Jaap herinnert zich dat hij na school en op zaterdagmiddag met zijn vriend zijn vriend Eddie buiten speelde. Eddie woonde verderop in de Van Ruisdaelstraat. Ze kwamen elkaar vaak tegen op de braakliggende heuvel op de hoek met Nicolaas Maasstraat. Daar haalden ze allerlei kattenkwaad uit, de term die hij terugkijkend gebruikt voor hun onderzoek en spel.
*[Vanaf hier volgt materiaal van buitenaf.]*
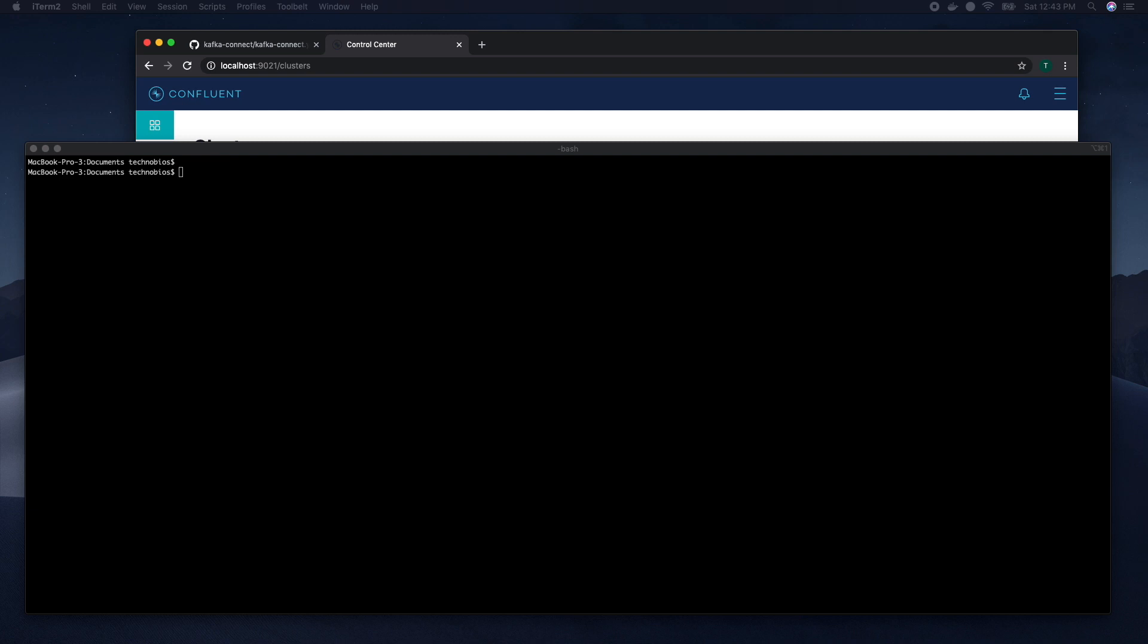Assumption for this video is that you are already familiar with the Docker concept and you have Docker desktop application running on your laptop.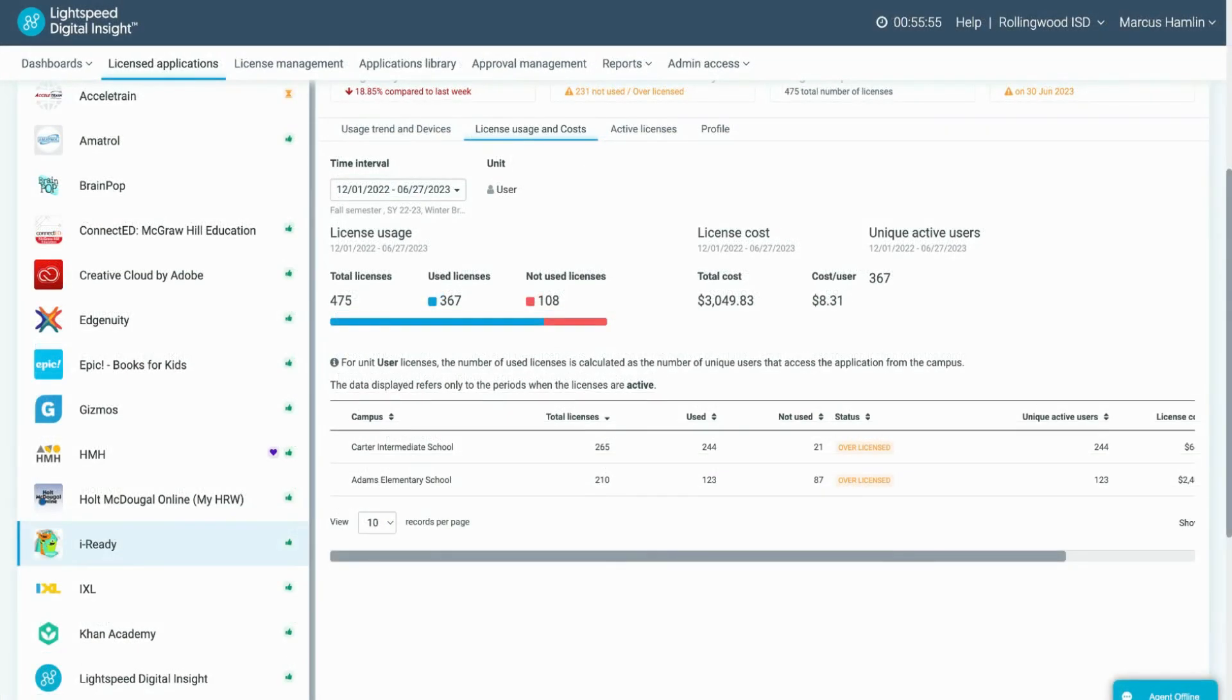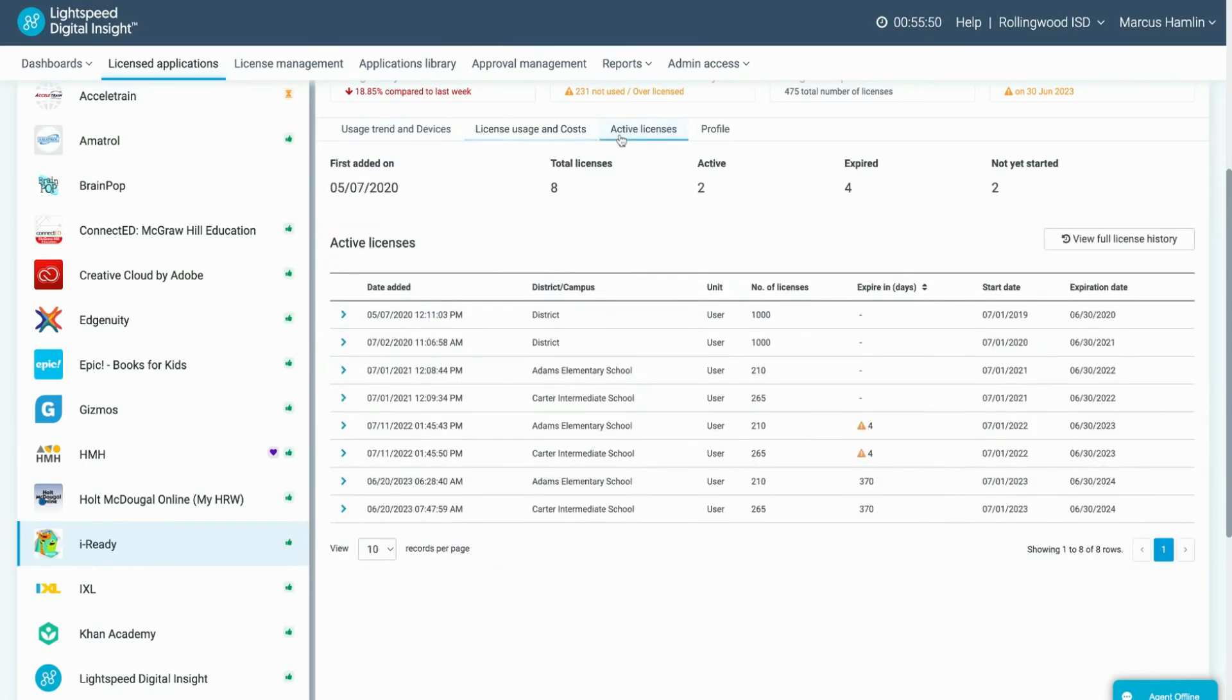Licensed applications will also show you a license history to help see how purchasing and cost have changed over the licenses you have entered for the product.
De 17e september was een zonnige zondag. De kerk begon om tien uur. Om 9 uur klonk luchtalarm, maar er was geen vliegtuig te zien of te horen. Na 20 minuten was het voorbij. Ze gingen naar de kerk op de volgende heuvel. Werd er ook daar gepreekt over psalm 91, vertrouwen op God wanneer je in gevaar dreigde te komen? De dienst duurde niet lang. De Heilig Hartkerk stroomde leeg. De mensen gingen vanaf de kruising  in alle richtingen huiswaarts. Onderweg naar huis,  de Rembrandtlaan af en even later de Hobbemastraat omhoog, werden ze overvallen door een nieuw luchtalarm. Ze haastten zich naar binnen, ze moesten de kelder in.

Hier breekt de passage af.